(Just so you know, I sung the title to this post from that song in Top Gun, Lost that loving feeling.)
I'm feeling a big blah lately. I'm not satisfied with anything that I'm doing. For example, I've been working on a new story and have made such amazing progress and was super happy about it, but today, I'm ready to scrap it all and walk away. All that work and excitement got smothered out.
I always prefer the idea of walking away.
This means that my restless nature has returned to me and I'm in for a time. I may have written about this before.
I'm trying to work through it diplomatically, which is something that I never used to do. Normally, I step back and let it take control. That approach never helps.
The desire to leave is strong though. If I could pack up my essentials and go off into the woods somewhere and exist simply, it would make me happy.

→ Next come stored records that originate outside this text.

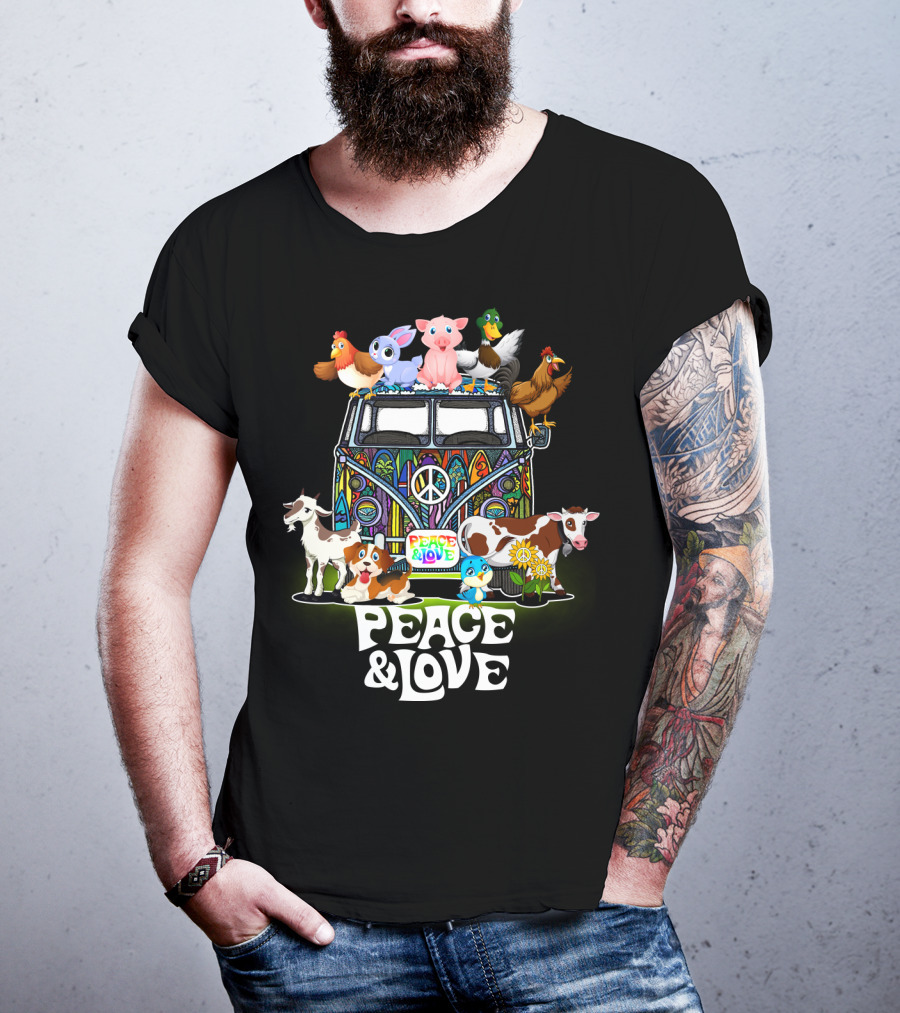Peace And Love Farmer Animals Van With Peace Sign T-Shirt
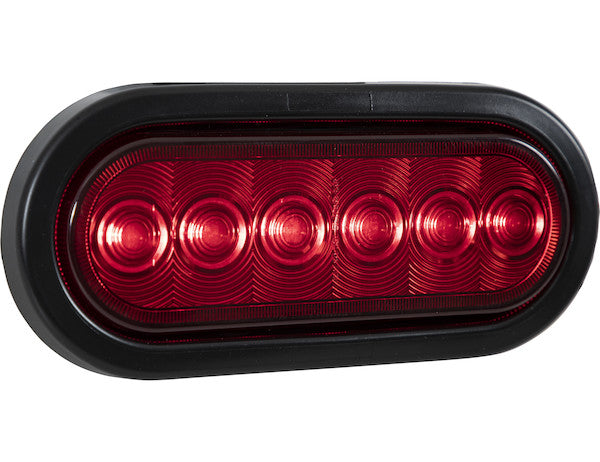 6 Inch Red Oval Stop/Turn/Tail Light With 6 LEDs Kit - Includes Grommet and Plug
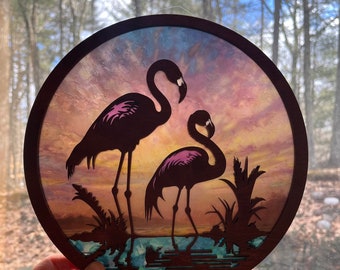 Flamingo suncatcher for window, gorgeous wooden sun catcher window art,Beach decor Miami Florida Birthday gift for mom or daughter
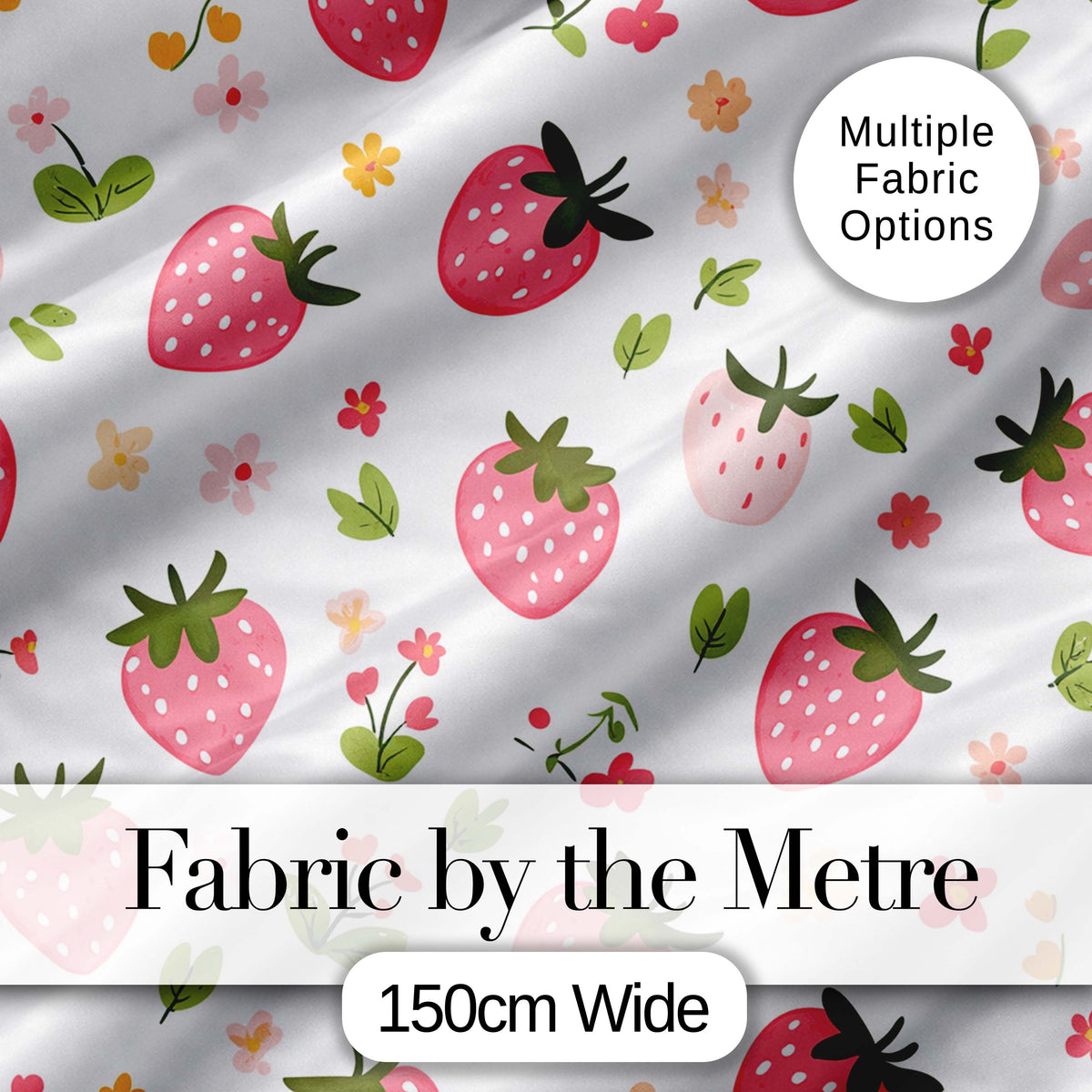 Sweet Strawberry Floral Cute Seamless Pattern Digital Print Fabric by the Metre UK Sewing Quilting Textile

I don't know why I get this way but it's been a feeling that has tormented me since I was a kid. I guess part of it could be boredom. My life is predictable and though I enjoy the lack of spontaneity in my life, I'm tired of being stationary. I've always longed for the adventure of living.
The other part is just to get away from the things I have to deal with. I get caught up in it all and allow it to drag me down and take control. I feel like I don't appreciate all the things that I have because I'm too focused on all the shit. I re-open old wounds, so to speak, and worry over them again. As if there's something that I could do now that I wasn't able to do while I was going through it. Or I allow these old hurts to poison the clarity I worked so hard to achieve through the "lesson" they were meant to teach me. Everything is always unraveling around me. It's tiresome.
It's human nature I suppose.
I don't know. There's got to be something more. I wish I could find a way to calm that restless part of my soul. Today on the drive to work I wondered if I would ever find that one thing that I feel I need. If I did, would it be enough? Will I always want more?